Thank you, that sounds very interesting.
> limited to interacting with a drawing library (e.g. OpenGL)

Isolation between applications running on the same graphics hardware is rather weak (GPUs don't have something like a MMU), so that exercise is left to the reader ^W driver getting a lot of stuff right. Most don't, or didn't. That's why eg. Qubes doesn't allow sharing a graphics card among domains (well and the fact that the drivers don't support that either), so an untrusted system can only get it's dedicated GPU, with no sensitive data ever going on the same hardware, and the DMA capabilities of the GPU are kept in check by the IOMMU of the CPU. The host only gets involved in blitting the framebuffer somewhere else for display.

I think you're looking for capabilitiy-based security. It can be done at OS and language levels to allow enforcing POLA pretty easily. Here's a page with intro's plus deployment in web browser and GUI prototypes:

http://www.combex.com/tech/index.html

Most prominent language is E:

http://erights.org/index.html

Any solution which requires rewriting existing software is impractical. There's nothing wrong with an application having the illusion of full control of the system that sandboxing provides. I'd like to see an OS where all applications are run in a sandbox (e.g. LXC containers). Each application should have metadata which describes what special access it needs (e.g. Android's permissions) but the user is free to enable or disable these permissions at will. Applications can work as they were originally written because any access they expect to have that was denied by the user can be faked. For example, say an application requires access to a database containing your personal contacts. Instead of blocking the application's access completely and requiring the application to correctly handle the case when accesses was denied, the OS can provide a dummy contacts DB instead. The application then proceeds as normal without knowing access was denied. Firewalling in both directions like SubgraphOS is doing is also essential.
> Any solution which requires rewriting existing software is impractical.

That is true, but there might be a point where we have languages, securer-os, frameworks or libraries, where it is simpler than hardening existing software, and I think it will look similar to typed functional programming.

IMHO sandboxing is popular because OS have failed - or maybe it was just out of scope as we may have underestimated the big range of attack vectors - in isolating processes that may be "evil". Sandboxing at the moment is extremely low-level, if you are paranoid about security you probably sandbox full Linux in some hardened kernel-thing (sel4 and similar approaches - I am not even sure if sel4 is used in production), and that is far from trivial, as you have to bridge the "userspace-style" Linux to the HW, which Linux wants to talk do.

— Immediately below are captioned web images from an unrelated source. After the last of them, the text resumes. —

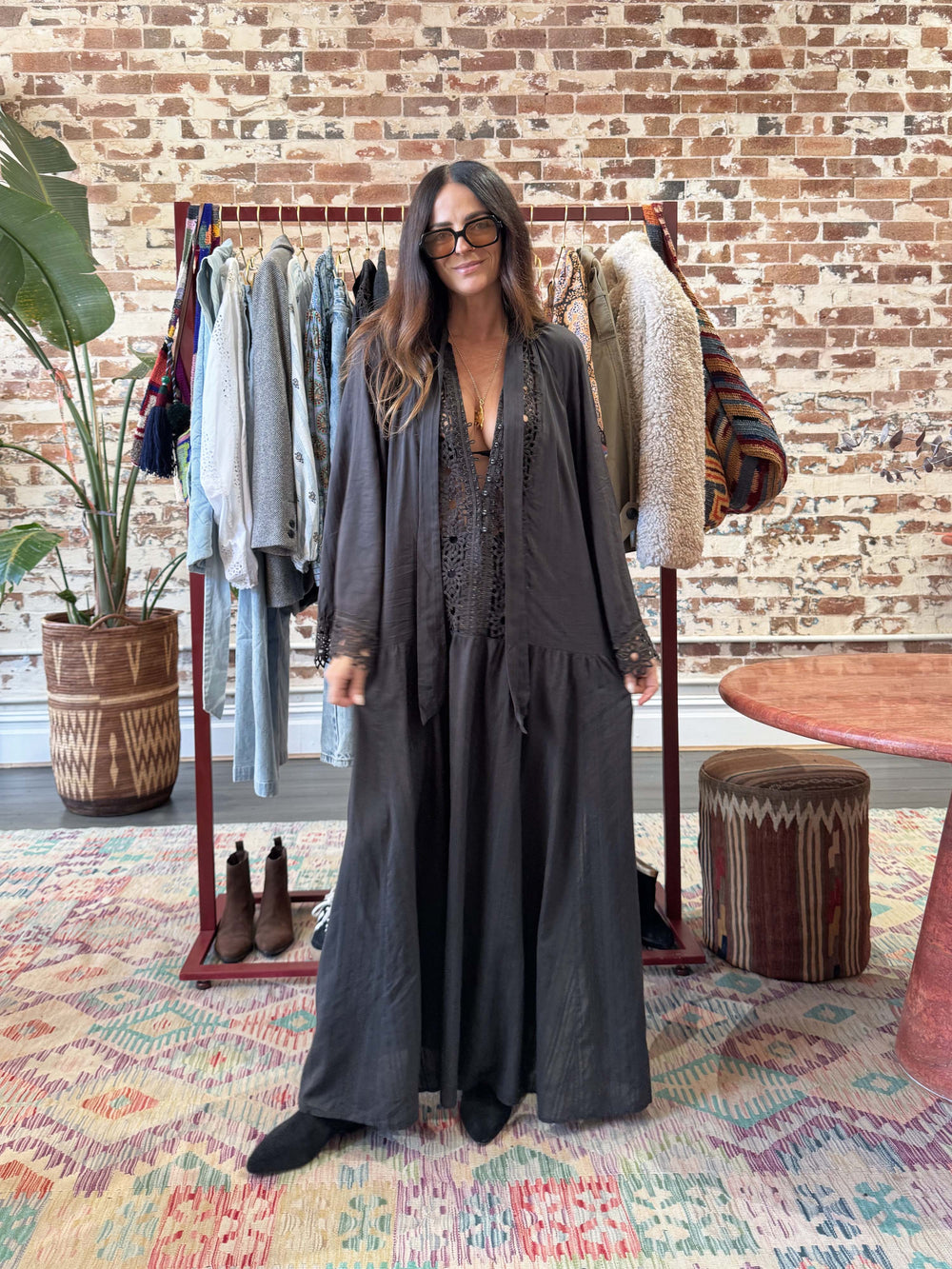 Starry Nights Wide Sleeve Maxi Dress | Boteh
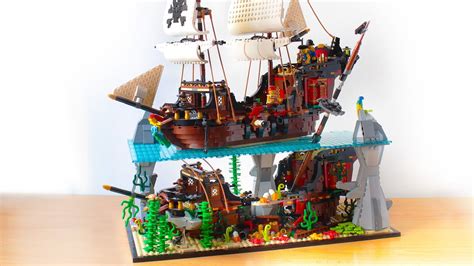 Lego Sunken Pirate Ship MOC - YouTube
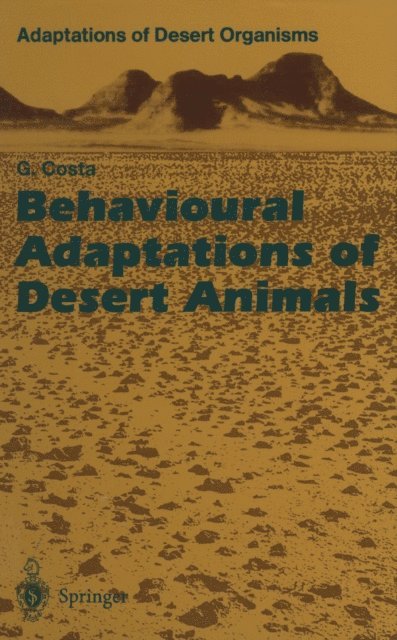 Giovanni Costa - Behavioural Adaptations of Desert Animals, E-bok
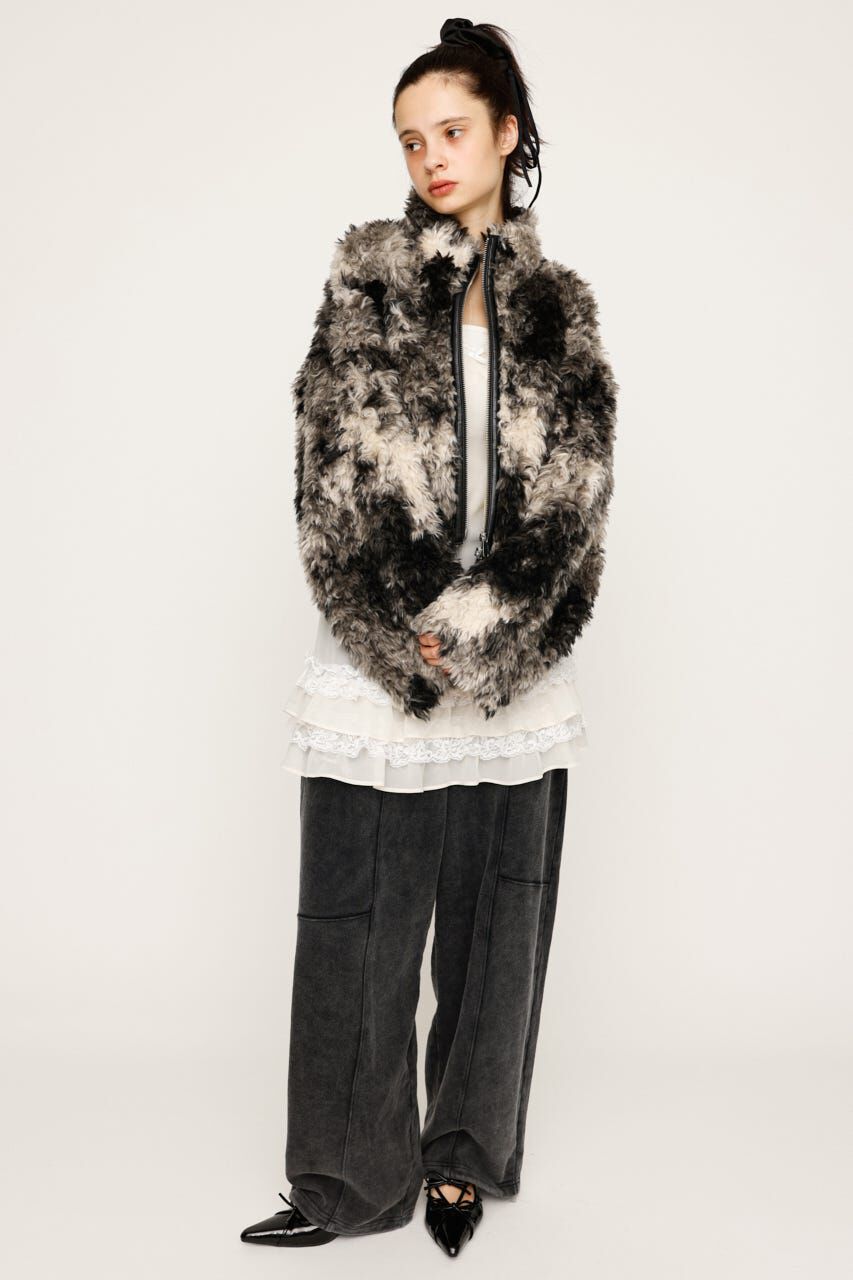 SLY「CURLED BOA ブルゾン」|ブルゾン・スタジャン|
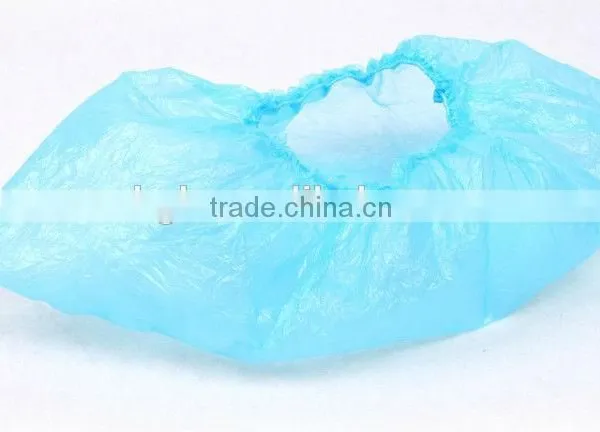 Disposable Plastic Nonwoven Safety Overshoes , Antislip Protective Shoe Cove photo-5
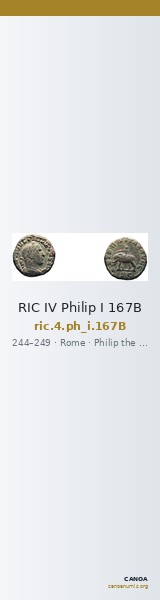 RIC IV Philip I 167B — CANOA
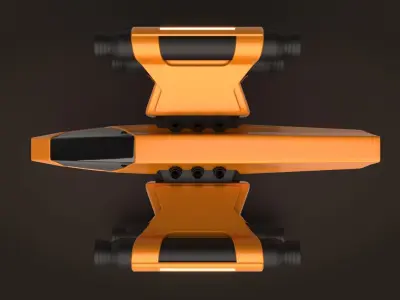 Spaceship Rigel 3D model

If you want to secure Linux from the HW itself (or even provide a better alternative) you have to rewrite large parts of it (drivers) and they are mostly very specific to the Linux API.

Now less paranoid people can use something like Docker/Linux-Containers/... and maybe a combination of libraries and distributions (like Subgraph, etc.), but Docker's isolation security record is controversial. Sure if setup correctly it is probably more secure than plain processes/JVMs (this is also controversial), but it just feels hacky and feels like an afterthought that might not be able to guarantee the security it advocates (I hope I am wrong here).

As a programmer you often know many constraints about your software, that are extremely hard to communicate (currently), so you skip stating this constraints and your software has attack vectors that might be avoidable in the first place.

The well-developed, well-security-researched, well-deployed application platform you're looking for is the web. You get exactly this sort of setup if you use WebGL: you interact with an API that expects to be called by unprivileged hostile applications, instead of with a library that helps your direct access to the graphics card driver. Every individual application lives in a separate protection domain (an HTTP origin), and communication between them is limited to message passing with the consent of both sites. The language itself avoids all assumptions of direct access to system resources.

Running everything in a web app is, admittedly, a fundamental change in the stack. But it's fortunately one where a lot of people have independently put work into making this happen. I do my most security-sensitive work on a Chromebook (using the SSH and mosh apps from the Chrome app store) for precisely this reason: it's the right security model, and it's available in my local computer store and works.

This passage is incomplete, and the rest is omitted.